I tend to disagree. Yes, governments are made for us and by us but they are entities in themselves too with a certain identity of their own. Otherwise, we would never be able to hold them to account as all their actions would essentially be the actions of each and every citizen of the country. If we were to say that they had no separate identity of their own, then in essence, they could never be brought to books.

As an individual, I have a right to private conversations and correspondence before I act publicly. And a lot of these private discussions, opinions and conversations may be contradictary, difficult, unsavoury and questionable according to the prevailing moral standards of the time - but it is only through these contradictions that I am able to arrive at a position that I am ready to assume publicly on issues. Governments, too, have that right.

However, on certain occasions, my privacy will be breached because doing so will be in the benefit of the community that I live in. But, as I live in a democracy, I hope that there will be a strong enough reason to do so, and as far as possible, it will be done through the right channels. Any democratically-elected government, too, deserves some degree of the same respect.

In this particular instance, Wikileaks - and the five newspapers involved - have played fast & loose with both these parameters. However, as Wikileaks has made its name out of this kind of conduct, let us focus our energies on it. There are three things that strike me about the what, why and how of Wikileaks' actions.

To begin with, Wikileaks has never attempted to use the right channels – the laws provided within the democratic set-up – to gain information about any government. Yes, it is difficult, painful and long-drawn to use these channels but they exist. However, Wikileaks has never been interested in using them. Instead, it has consistently used underhand, Robinhood-style ways to gain private information. To put it in plain ol' English, they have indulged in theft of the cables.

This in itself could be exonerated, if indeed we learnt something that could be used to take some conclusive steps forward. I am with George Packer when he says that this is not the case with Wikileaks' latest cable dump.

Richard Adams of the Guardian has listed seven of the most important revelations made by the cable dump till now.  Let’s tackle them one by one.

Silvio Berlusconi 'profited from secret deals' with Vladimir Putin
What the cables tell us is that the US government suspected he might have profited so and was investigating him. His guilt itself remained inconclusive. And by revealing the investigations to the world before any conclusive evidence could be gathered, Wikileaks has done Berlusconi a favour. It is going to be tougher to pin him down since the investigations may never be finished now, and he is extremely good at riding out rumours about his corruption anyway.

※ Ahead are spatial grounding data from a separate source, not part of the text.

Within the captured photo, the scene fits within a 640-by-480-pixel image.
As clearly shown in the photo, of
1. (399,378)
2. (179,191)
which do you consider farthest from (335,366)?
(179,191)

The US pressured Spain over CIA renditions and Guantanamo Bay
What I understood from the cables is that the US diplomats had several conversations with the main public prosecutor of an important human rights case being fought in Spain. Yes, but the US government was not doing anything illegal – there were no kickbacks, frauds or bribery involved. So other than knowing that the US government tries to influence officials around the world - something that was not news in itself - we have not learnt anything particularly usable.

The scale of Afghan corruption is overwhelming

This might be news to Wikileaks and Adams, but the rest of us didn’t need a whole government machinery to be violated in order to learn that. There were enough media reports in the public domain suggesting the same.

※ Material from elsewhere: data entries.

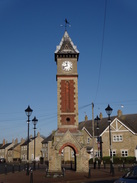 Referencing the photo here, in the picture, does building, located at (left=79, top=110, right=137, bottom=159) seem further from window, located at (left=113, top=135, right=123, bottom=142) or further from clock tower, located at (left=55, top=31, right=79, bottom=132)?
clock tower, located at (left=55, top=31, right=79, bottom=132)

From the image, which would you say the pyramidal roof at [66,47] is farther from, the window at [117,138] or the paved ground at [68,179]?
the window at [117,138]

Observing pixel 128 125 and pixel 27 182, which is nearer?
pixel 27 182

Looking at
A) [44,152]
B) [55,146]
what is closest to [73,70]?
[55,146]

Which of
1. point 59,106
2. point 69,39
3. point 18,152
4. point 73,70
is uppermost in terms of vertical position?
point 69,39

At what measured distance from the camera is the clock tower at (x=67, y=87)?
30.6 meters

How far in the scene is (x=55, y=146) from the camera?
27.5 m

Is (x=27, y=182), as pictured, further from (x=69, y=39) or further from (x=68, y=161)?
(x=68, y=161)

Hillary Clinton queried Cristina Kirchner's mental health

So? Embarrassing, yes. Illegal, no. And honestly, after all the megalomaniacs we have seen become world leaders, I’d say it is better to keep tabs on the mental health status of all politicians.

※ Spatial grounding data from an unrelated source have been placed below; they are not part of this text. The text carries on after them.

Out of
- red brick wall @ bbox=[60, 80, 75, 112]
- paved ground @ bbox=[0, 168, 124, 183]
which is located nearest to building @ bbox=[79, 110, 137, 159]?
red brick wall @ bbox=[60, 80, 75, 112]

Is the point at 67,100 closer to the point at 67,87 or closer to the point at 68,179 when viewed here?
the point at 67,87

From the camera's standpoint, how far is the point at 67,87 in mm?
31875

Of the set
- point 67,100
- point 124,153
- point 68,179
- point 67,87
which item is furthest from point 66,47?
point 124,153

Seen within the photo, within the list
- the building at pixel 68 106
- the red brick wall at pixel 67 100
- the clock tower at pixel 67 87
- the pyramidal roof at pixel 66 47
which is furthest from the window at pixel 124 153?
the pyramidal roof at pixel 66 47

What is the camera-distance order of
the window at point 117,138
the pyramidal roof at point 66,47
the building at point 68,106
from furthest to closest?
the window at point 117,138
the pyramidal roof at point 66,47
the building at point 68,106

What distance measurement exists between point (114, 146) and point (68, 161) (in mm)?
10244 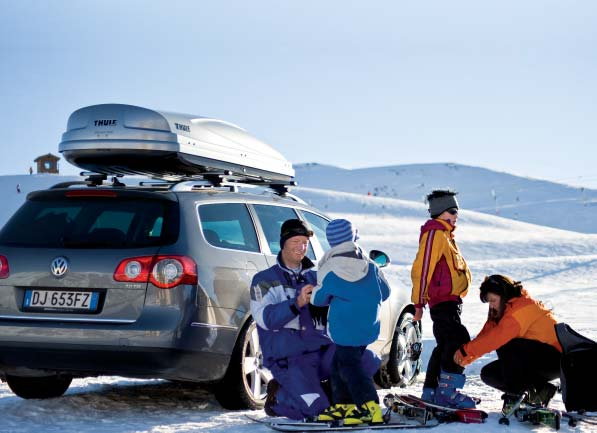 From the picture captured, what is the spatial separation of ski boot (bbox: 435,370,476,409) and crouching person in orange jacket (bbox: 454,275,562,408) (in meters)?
0.21

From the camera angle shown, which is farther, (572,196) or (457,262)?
(572,196)

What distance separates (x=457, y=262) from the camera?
7.17 meters

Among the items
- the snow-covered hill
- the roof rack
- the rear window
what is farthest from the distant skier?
the snow-covered hill

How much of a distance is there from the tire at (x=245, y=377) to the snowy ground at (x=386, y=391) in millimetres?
103

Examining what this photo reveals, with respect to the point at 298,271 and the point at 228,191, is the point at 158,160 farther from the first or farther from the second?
the point at 298,271

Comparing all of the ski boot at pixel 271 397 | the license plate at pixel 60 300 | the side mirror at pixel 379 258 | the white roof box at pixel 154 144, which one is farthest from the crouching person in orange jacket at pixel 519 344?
the license plate at pixel 60 300

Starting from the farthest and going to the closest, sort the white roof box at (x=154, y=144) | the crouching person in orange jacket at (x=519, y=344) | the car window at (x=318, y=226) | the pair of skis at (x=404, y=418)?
the car window at (x=318, y=226) → the white roof box at (x=154, y=144) → the crouching person in orange jacket at (x=519, y=344) → the pair of skis at (x=404, y=418)

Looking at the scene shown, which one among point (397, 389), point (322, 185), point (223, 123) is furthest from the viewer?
point (322, 185)

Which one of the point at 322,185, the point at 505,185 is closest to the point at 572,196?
the point at 505,185

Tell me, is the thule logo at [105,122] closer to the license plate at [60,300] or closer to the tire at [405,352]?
the license plate at [60,300]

The Bank of England governor played backroom politics

So he is not politically neutral and must go. But why punish the US government for it by compromising it? And is it a matter of earth-shattering importance justifying stealing and leaking of private documents?

The British government remains in thrall to the US
To be in thrall is one thing, but did the British government do anything illegal for the US government? Nothing in the cables suggest that.

US diplomats spied on the UN's leadership
This is the only potentially damaging revelation because it could amount to a breach of international human rights. But again, “could” is the operative word out here. We don’t know for sure yet. Besides, if the same investigation had revealed that some of them had "profited from secret deals" with Vladimir Putin - how would we then view the investigation?

None of the revelations show the US government actually doing anything technically illegal on which it could be brought to books. We have always known that government’s play games, use undue influence, meddle and indulge in espionage, and now we have evidence of it. But if the US government's actions are morally ambiguous but not illegal, where does that leave us in macro-terms?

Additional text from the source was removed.